╭──
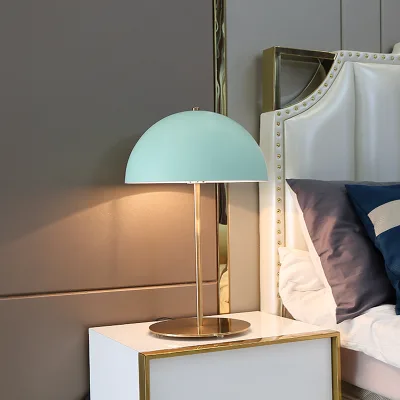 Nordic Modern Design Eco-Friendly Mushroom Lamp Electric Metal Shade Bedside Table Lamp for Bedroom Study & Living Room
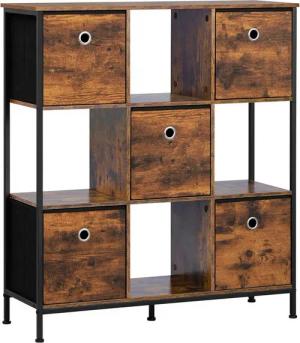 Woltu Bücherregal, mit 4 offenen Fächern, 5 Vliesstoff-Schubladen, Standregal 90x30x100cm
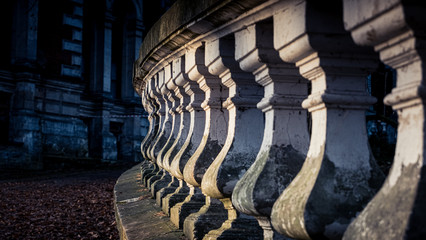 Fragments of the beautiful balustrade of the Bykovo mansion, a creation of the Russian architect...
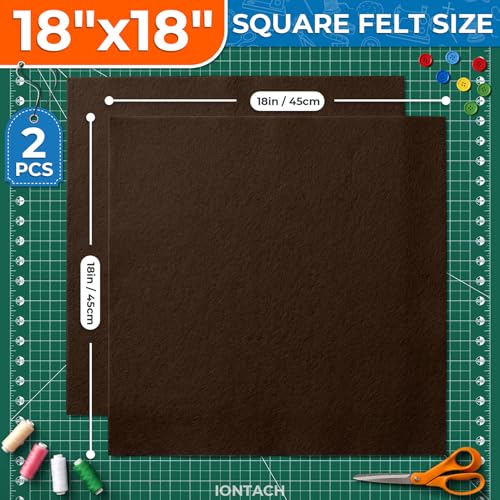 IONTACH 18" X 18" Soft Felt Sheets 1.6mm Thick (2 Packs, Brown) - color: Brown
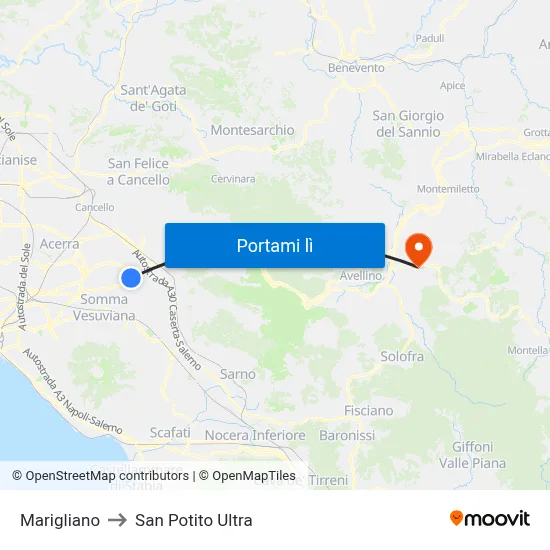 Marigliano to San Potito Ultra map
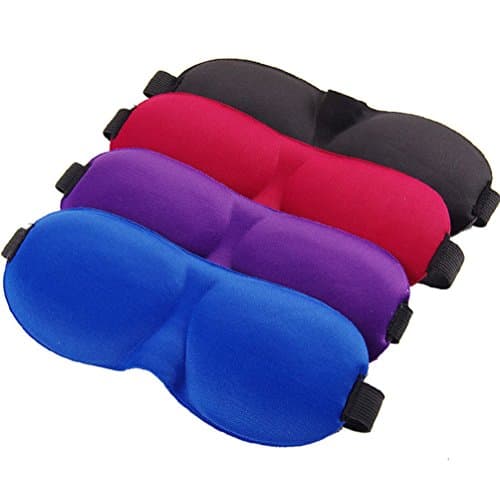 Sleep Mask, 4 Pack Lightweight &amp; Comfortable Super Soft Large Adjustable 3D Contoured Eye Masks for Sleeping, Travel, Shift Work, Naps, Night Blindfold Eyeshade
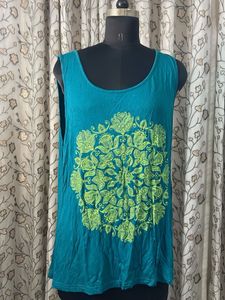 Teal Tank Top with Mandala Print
╰──
╭──
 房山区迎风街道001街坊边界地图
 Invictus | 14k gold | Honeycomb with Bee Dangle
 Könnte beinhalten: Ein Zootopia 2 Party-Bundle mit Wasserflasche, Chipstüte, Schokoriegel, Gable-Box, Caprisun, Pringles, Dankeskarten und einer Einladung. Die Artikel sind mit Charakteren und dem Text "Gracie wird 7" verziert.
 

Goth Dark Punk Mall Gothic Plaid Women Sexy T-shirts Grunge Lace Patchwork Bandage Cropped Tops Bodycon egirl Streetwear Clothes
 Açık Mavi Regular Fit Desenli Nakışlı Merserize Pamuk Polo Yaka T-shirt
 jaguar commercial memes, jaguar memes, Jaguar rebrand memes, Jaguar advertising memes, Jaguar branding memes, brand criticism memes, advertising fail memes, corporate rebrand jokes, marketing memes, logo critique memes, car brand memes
╰──
§ Work request: Taking the entries above, restate exactly those lines that fall between the line with "Invictus | 14k" and the line with "Açık Mavi Regular", keeping both of those lines too.

§ Task answer:
 Invictus | 14k gold | Honeycomb with Bee Dangle
 Könnte beinhalten: Ein Zootopia 2 Party-Bundle mit Wasserflasche, Chipstüte, Schokoriegel, Gable-Box, Caprisun, Pringles, Dankeskarten und einer Einladung. Die Artikel sind mit Charakteren und dem Text "Gracie wird 7" verziert.
 

Goth Dark Punk Mall Gothic Plaid Women Sexy T-shirts Grunge Lace Patchwork Bandage Cropped Tops Bodycon egirl Streetwear Clothes
 Açık Mavi Regular Fit Desenli Nakışlı Merserize Pamuk Polo Yaka T-shirt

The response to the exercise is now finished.